There was already a large lawsuit in 2015:
[https://www.theguardian.com/technology/2018/mar/13/microsoft...](https://www.theguardian.com/technology/2018/mar/13/microsoft-
sexual-harassment-lawsuit-lacklustre-response)

------
erikpukinskis
> “I would like to offer to anyone who has had such demeaning experiences
> including those who felt were dismissed by management or HR to email me
> directly,”

This is such a fucked up thing to say. Basically, "if you have damaging
information like this, please send it to the top, so we can most effectively
suppress it. Don't tell anyone else.

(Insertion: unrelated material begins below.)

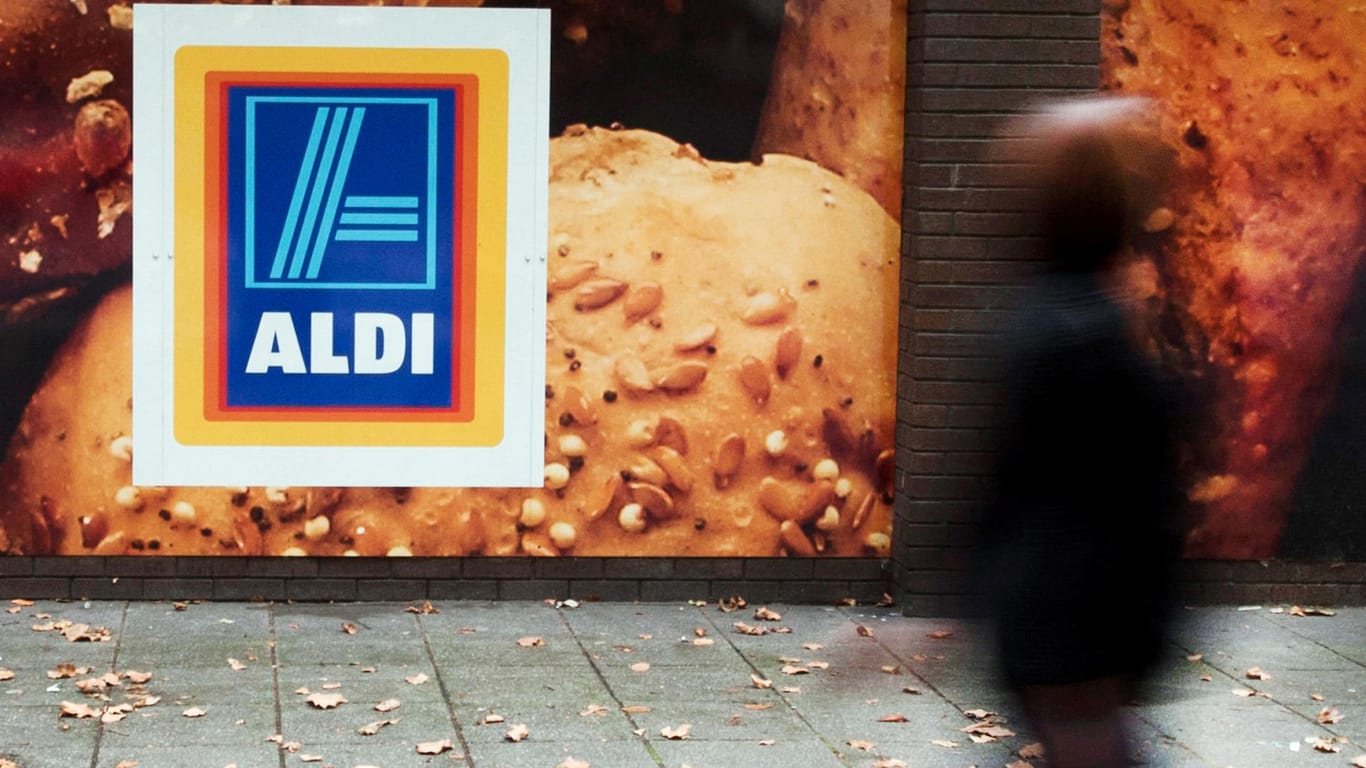 Aldi-Filiale in London (Archivbild): Die deutsche Discounterkette will in Großbritannien expandieren.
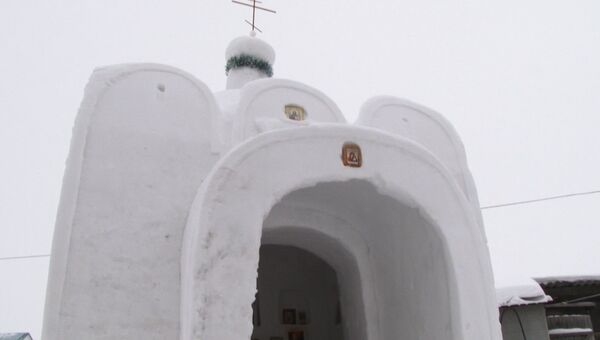 Снежное зодчество, или Как выглядит необычная часовня в Омской области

Definitely don't use our normal channels,
they are not effective."

It really proves that this particular HR department is not set up at all to
handle the situation, and that their strategy for dealing with this is just to
wing it. There's no process here, just damage control.

------
tomcam
Literally shocking to me. I am not disputing any of the sources. However, I
will say that my experience in the developer tools division two decades ago
was of nothing but exemplary behavior (I admit to being a privileged white
male). It is the work experience I remember most fondly from the last 35 years
and not least because the people were so wonderful. As a guy raised as a
feminist I watched carefully the treatment of women and minorities and at
least from the outside saw literally nothing to be ashamed of. This is sad.

------
DoofusOfDeath
It's interesting that one quote said there were secret James Damores at the
company. My first thought was that's a GOOD thing. I guess his kerfuffle
really is a bit of an ink blot test.